Pour Serge Rossignol, les services de communication des universités ont un rôle à jouer à ce chapitre. Il rêve d'une "ligne 9-1-1" qui donnerait accès aux services de professionnels capables d'organiser rapidement une conférence de presse ou une opération ciblée auprès des journalistes.

Jean-Luc Malo critique les pairs
Cela dit, la diffusion de la recherche commence par la publication d'articles dans des revues dont la qualité du contenu est assurée par un comité de pairs. Pour être publié, un article doit généralement recevoir une approbation de deux des trois membres du comité. Leur travail est-il sans faille? Certainement pas, répond Jean-Luc Malo, vice-doyen à la recherche à la Faculté de médecine, qui a fait une recherche sur la question.

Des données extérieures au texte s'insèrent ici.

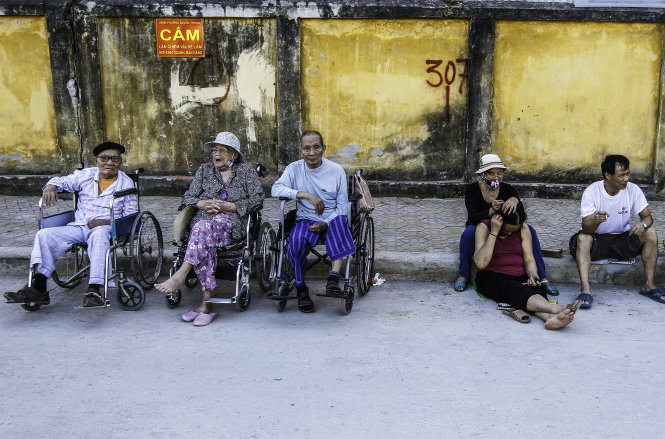 Ba người già ngồi nói chuyện với nhau ở một góc công viên, bên cạnh là những người giúp việc-Nguyễn Khánh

"Selon une étude que j'ai consultée, à peine 36% des articles inventoriés ont donné lieu à un accord parfait entre les trois responsables de l'approbation des articles. Dans les autres cas, au moins un arbitre était en opposition avec ses collègues."

Pire encore, une enquête du British Journal of Medicine auprès de 420 "pairs" a révélé leur incapacité à souligner les huit écueils contenus dans un article qui leur avait été soumis. "La compilation des 221 réponses obtenues a montré qu'aucun expert n'avait découvert plus de quatre écueils. La moyenne était de deux écueils."

Troublant. Mais ce n'est pas tout. Le travail des membres de ces comités de lecture est souvent effectué en vitesse, sur des formulaires qui ne laissent pas de place à l'explication. On coche une des cases suivantes: "Accepted as it is", "Accepted with minor revision", "Accepted with major revision" ou "Rejected". Dans ce dernier cas, l'économie d'explications peut durement affecter l'auteur. "Les grands noms ne sont pas toujours les meilleurs arbitres, signale Jean-Luc Malo. Leurs réponses sont courtes et cinglantes. Cela n'aide pas."

Sommes-nous pris avec le moins mauvais des systèmes? "Je le crois, dit le vice-doyen. Mais on peut chercher à l'améliorer."